Experience has shown us that a company's stock price does not always reflect its real value. This is particularly true during economic downturns and during periods of excessive market hype. At Leith Wheeler we thoroughly evaluate each company before investing and we are guided by rational business principles, not speculation or market sentiment.
Our understanding of the discrepancy between price and value has allowed us to take advantage of some excellent investment opportunities for our clients over time. Attempting to purchase stocks that are undervalued does not mean our portfolios carry excessive risk. On the contrary, our portfolios tend to hold companies with solid balance sheets and quality management, which are trading at a lower price, relative to earnings, than the market. Companies can become undervalued when there is a lack of investor awareness; when an entire industry is out of favour with investors; or when a company experiences a short-term difficulty which, following careful analysis, we believe can be overcome.
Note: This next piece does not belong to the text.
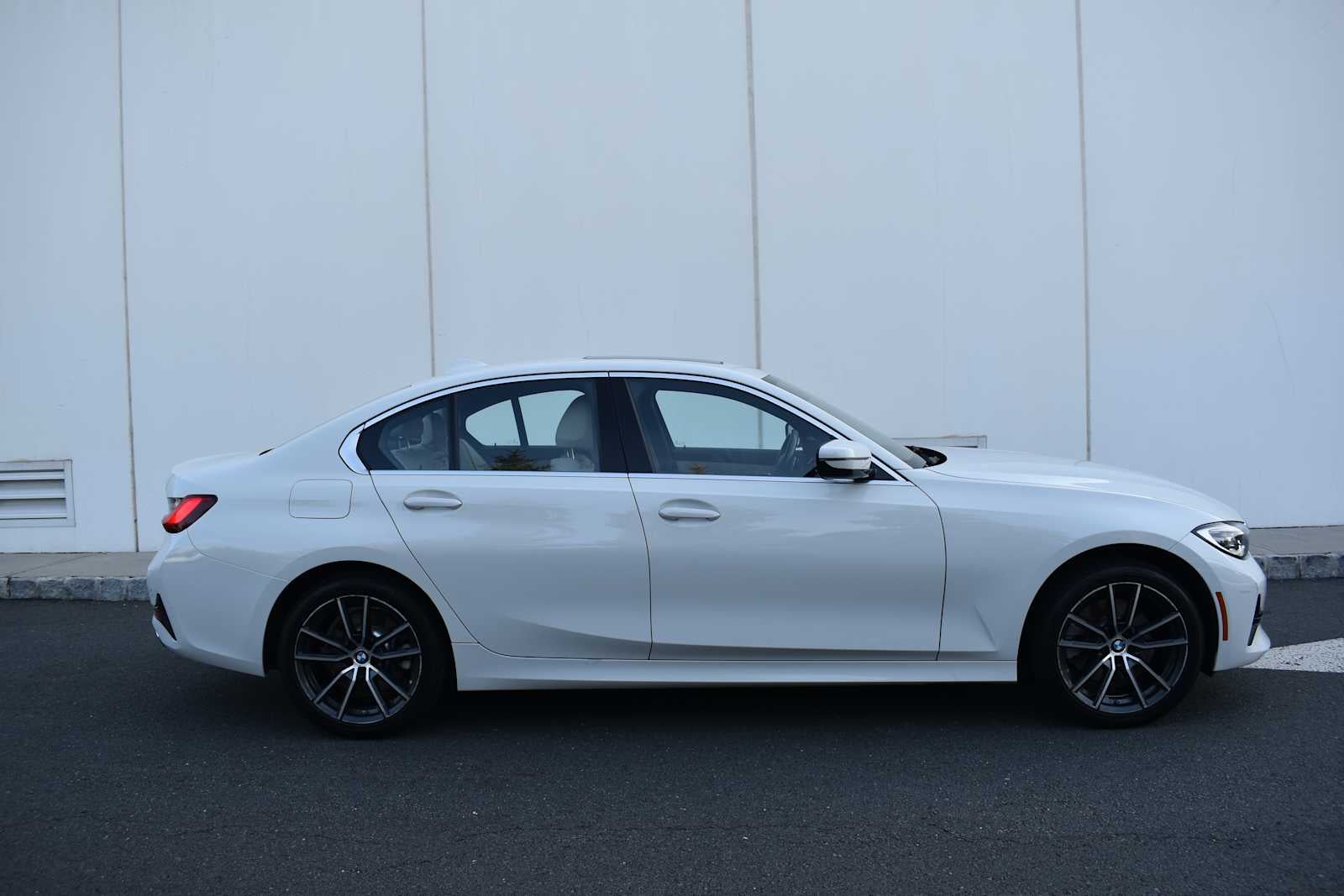 2020 BMW 3 Series 330i xDrive Sedan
As value-investors we invest with a long-term view. Rather than trying to predict short-term fluctuations in a company's share price, we focus on determining the inherent value of each company. Our test for value is viewing any investment we make as if we were buying the whole business. The question becomes: "What price per share, if we were buying the whole business, is the company really worth?"
Our commitment to the sound principles of value investing has allowed us to achieve superior long-term performance for our clients - even when markets are in decline.
Liquidity and Capital Preservation
Our fixed income strategy stresses liquidity and safety of capital by investing in high-quality notes and bonds issued by the Canadian federal and provincial governments, and by corporations. We invest in corporate bonds when there is an attractive yield advantage over federal bonds. Our fixed income portfolio normally has an average credit quality of "AA."
As in the management of our equity portfolios, we focus on the long-term outlook for interest rates, and structure our portfolios accordingly. These forecasts are reviewed in detail each quarter and adjusted should the economic outlook change.